The decision to drop Dinesh Karthik hardly made sense, especially when India doesn’t possess any other players of his caliber. There might have won the game if not for the lack of finishing prowess in the back end of the innings. While India did need a left-handed batter in the playing XI, the decision to bring him in place of Karthik was baffling.
But the skipper Rohit Sharma hasn’t really entered the panic mode. Two losses, he says, are not the end of the world. In the post-match conference, Rohit, just like his batting that day, looked calm and composed and maintained his sanity after a crushing loss, not pointing fingers at anyone – a sign of a good captain. No problem, Rohit. Take it easy. That is what a team needs ahead of a marquee event.
Ever since Rohit assumed the captaincy, he hasn’t missed an opportunity to remind everyone about the “new brand of cricket” they are trying to play. Admittedly, Rohit himself leads this way. Any tectonic shift in the tactics starts from him alone, only then it reaches the rest of the team.
But there’s another worrying trend under his captaincy. Every failure is projected as just another stumbling block in the pursuit of a greater cause, a minor blip in the machine that will be rectified well ahead of the main event – the T20I World Cup. Winning World Cup is destiny and the journey that leads it to it will be hard and bumpy and not always pleasant. But another question is for how long will the learning curve continue?
Not many days have passed since the new coach and captain took charge, but it already feels like India have reached the point of stasis – of forever learning and failing and learning.
Moreover, their response to defeat leaves the impression that they inherited a faltering unit with too many loose ends, and the galvanization requires time and patience.
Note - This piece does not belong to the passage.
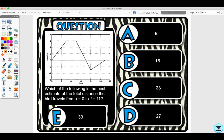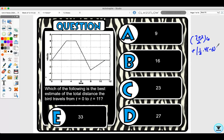The next question asks for the best estimate of total distance the bird travels from t = 0 to t = 11. To find total distance using the graph, we find the area. There's a trapezoid from t = 0 to t = 7 with parallel sides 7 and 2 and height 6, giving area = (7 + 2)/2 × 6 = 27. Then there's a triangle from t = 7 to t = 11 with area = (1/2)(4)(3) = 6, taking the absolute value. Total is 27 + 6 = 33, so the answer is E.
The reality, however, is far from this. The team they inherited was already a well-oiled unit, supplanted by a never-ending stream of the talent pool, and it needed just a few replacements here and there, not a complete overhaul. Neither this team was under transition. The big names that played the last year’s T20I World Cup will play this year
as well.
And as the World Cup approaches, the specter of failure in big tournaments – amplified by their performance in the Asia Cup – haunts Indian cricket fans. They lost in the semis of the 2019 World Cup, got crashed out early in the 2021 T20I World Cup, lost the inaugural edition of the World Test Championship, and failed in South Africa and England. It’s just too many failures for what is touted as the nation’s greatest team. It’s too many failures to even be counted among some of the most dominant teams in cricketing history.